El verano político ha terminado como el climático, con chuzos de punta y tormenta estática sobre los cielos de Moncloa. Que no encarnan ya los cielos mesetarios de Aznar, sino el turbión leonés del nuevo inquilino.

Mariano Rajoy, preocupado él, acudió a su cita con el presidente Zapatero bajo el paragüas nacional, rojo y gualda, de este nuevo PP que es cada vez más antiguo; pero abandonó la casa del poder "muy preocupado". Inquieto por lo que a su juicio deben ser negros nubarrones suspensos en panza de burra sobre la sacrosanta unidad de la patria forjada por el visionario Fernando el Católico y aquel gran bebedor de cerveza que fue el emperador Carlos.

Confiaba remotamente Rajoy en que el político de la flor y la rosa le desvelase en rigurosa primicia sus futuros diseños territoriales; su concepto del Estado de las autonomías; sus reformistas previsiones con respecto a la Constitución; el modelo de país que pretende establecer y, sobre todo, en qué frontera política y económica situará el límite del desarrollo autonómico, esa tajadera que los populares llegaron a llamar con la boca pequeña "ley de punto final". Pero Zapatero, al parecer, calló en lo esencial, ocultó sus cartas, dejó a Rajoy abrasado de candentes dudas, limitándose a escuchar su largo listado, pero sin resolverlas.
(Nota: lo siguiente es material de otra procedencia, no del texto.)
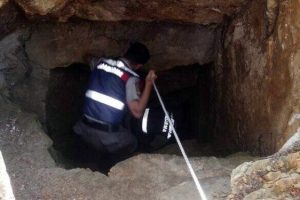 Kuyu kazarken su&ccedil;&uuml;st&uuml; yakalandılar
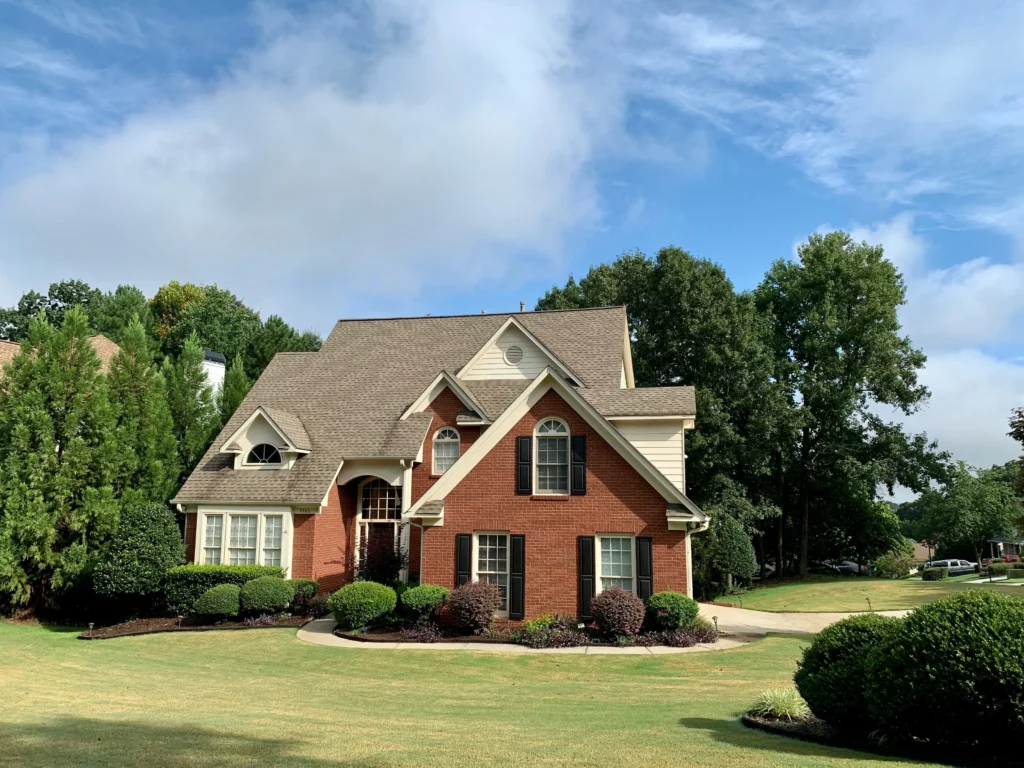 A large, brick mansion that has been cleaned using pressure washing the woodlands services.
Los líderes del PP, con la atípica e imprevisible excepción de Manuel Fraga, nunca han creído en el diseño de Adolfo Suárez. La derecha sólo asumió el Estado autonómico bajo el propósito de frenar desde la oposición su natural desarrollo. Los años ochenta escenificaron con claridad esa aversión ideológica, hasta que los politólogos de la fuerza conservadora comprendieron que, si algún día pretendían llegar a gobernar, debían asimilar la diversidad de las comunidades, sus lenguas, su nacionalidad, sus hechos diferenciales, y fingir que empujaban ese mismo carro. Pero su impulso giraba alrededor de la Administración Central. Básicamente, ésa era y es la diferencia entre el PP y el resto de los partidos autonomistas: la derecha concibe las autonomías como delegaciones de Madrid, mientras que el resto del arco parlamentario, en distintos grados, sostiene que cada autonomía es en sí misma un ente administrativo propio, capaz de abastacerse con recursos propios y de ordenar políticamente la existencia de sus habitantes. Zapatero, como parece desprenderse de sus primeras declaraciones, podría estar apuntando, a medio plazo, y en la línea de Maragall, a la definitiva configuración del territorio español como una nación de naciones. Una federación, como la norteamericana, por ejemplo, con claras diferencias autóctonas, pero tejida en una nueva y más equitativa unidad. Un proyecto difícil, sin precedentes en Europa, pero justificado por los éxitos políticos de la transición y la marcha de la economía a lo largo de las dos últimas décadas.

Frente al enigma territorial de Zapatero, el nuevo-viejo partido de Rajoy adoptará una posición patriótica, españolista. Justo la que Zapatero necesita para dar el golpe de tuerca y cambiar el decorado de una pieza teatral en la que se está renovando el elenco.